I will surely check that out sometime ... thanks again! 

Kathy


----------



## green soap (Oct 27, 2012)

judymoody said:
			
		

> OK, for fragrance, here are some of my favorites:
> 
> ....
> Vanilla - still searching for one I really truly like.  Southern Soapers Bourbon Vanilla is nice.  TSW's Vaniglia de Madagascar is also good (it is quite similar to Day ..
> ...



Judymoody, have you tried 'vanilla lace' from CG?  It is not very sweet, reminiscent of vanilla flan.

Also, yes on the ylang ylang.  I use it as often as I use patchouli.

I was wondering, what do you folks blend with vetiver?  purchased some and still pondering a blend with it.  

My EO is long and my FO list is short.  Due to the prices of some EO and the unavailability of some scents in EOs I buy some FOs - here is my list

vanilla
chocolate
an ocean water scent (sea mist or similar)
a woodsy scent.  I have two, juniper sage and blue spruce
neroli
rose
lilac
gardenia
jasmin
coconut (have not found one I like but several of my customers like the one from CG)

I also have but will not buy again:
lime margarita (I like my custom EO citrus blend much better but this FO has its fans)
pumpkin pie (I could do a better job myself blending vanilla with some of the spicy EOs)
Orange clove.  This one I got because real clove EO accelerates like crazy.


----------



## Seifenblasen (Oct 28, 2012)

> I was wondering, what do you folks blend with vetiver? purchased some and still pondering a blend with it.


I used it as a basenote, and came up with a rather masculine scent with bergamot, petitgrain, coriander, cedar, and just a touch of benzoin to give it some "roundness".


----------



## green soap (Oct 29, 2012)

Seifenblasen said:
			
		

> > I was wondering, what do you folks blend with vetiver? purchased some and still pondering a blend with it.
> 
> 
> I used it as a basenote, and came up with a rather masculine scent with bergamot, petitgrain, coriander, cedar, and just a touch of benzoin to give it some "roundness".



Thank you Seifenblasen!  I have some of the EO you mentioned and will try some blends.  I think petitgrain is derived from the citrus leaves?  Maybe lemongrass would work instead?  I also have lots of citrus leaves, sometimes I make it into a tea and use in place of the water.


----------



## Seifenblasen (Oct 29, 2012)

Yes, petitgrain is from leaves and sometimes twigs of bitter orange (same plant as where neroli is from).  Lemongrass would give it a different scent but I think it would be lovely!  5x orange/lemon would probably work, too.
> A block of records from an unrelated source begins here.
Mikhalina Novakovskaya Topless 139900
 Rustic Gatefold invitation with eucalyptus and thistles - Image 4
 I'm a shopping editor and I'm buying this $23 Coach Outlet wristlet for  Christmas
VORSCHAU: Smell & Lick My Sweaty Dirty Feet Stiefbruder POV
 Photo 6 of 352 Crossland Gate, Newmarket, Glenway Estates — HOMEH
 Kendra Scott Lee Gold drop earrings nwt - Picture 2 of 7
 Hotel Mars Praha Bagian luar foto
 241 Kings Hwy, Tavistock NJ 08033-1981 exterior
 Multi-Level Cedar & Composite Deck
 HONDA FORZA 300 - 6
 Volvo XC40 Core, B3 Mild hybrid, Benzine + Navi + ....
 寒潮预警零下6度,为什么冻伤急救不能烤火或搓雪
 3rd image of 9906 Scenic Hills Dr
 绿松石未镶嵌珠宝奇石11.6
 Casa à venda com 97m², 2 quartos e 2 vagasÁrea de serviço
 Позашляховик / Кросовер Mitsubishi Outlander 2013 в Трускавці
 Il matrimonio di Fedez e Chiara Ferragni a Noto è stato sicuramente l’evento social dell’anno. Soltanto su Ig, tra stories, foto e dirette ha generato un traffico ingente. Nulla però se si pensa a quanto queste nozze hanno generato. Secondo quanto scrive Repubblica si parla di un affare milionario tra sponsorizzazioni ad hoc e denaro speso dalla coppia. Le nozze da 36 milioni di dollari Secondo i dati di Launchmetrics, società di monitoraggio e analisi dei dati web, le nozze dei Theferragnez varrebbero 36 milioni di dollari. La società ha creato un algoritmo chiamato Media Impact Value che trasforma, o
What I usually do is after I have all my oils measured, and waiting for the lye water to cool off a bit, I put a small amount of oil, say, 15 to 30g (or 1/2 to 1 oz.) in a little glass bowl and put my EO in the oil, starting with perhaps 1 - 2% of the "main note" (or the cheapest EO of the lot)    , then add small amounts of the other EO to come up with something that smells good to me.  That way I don't have to fuss with EOs at trace.


----------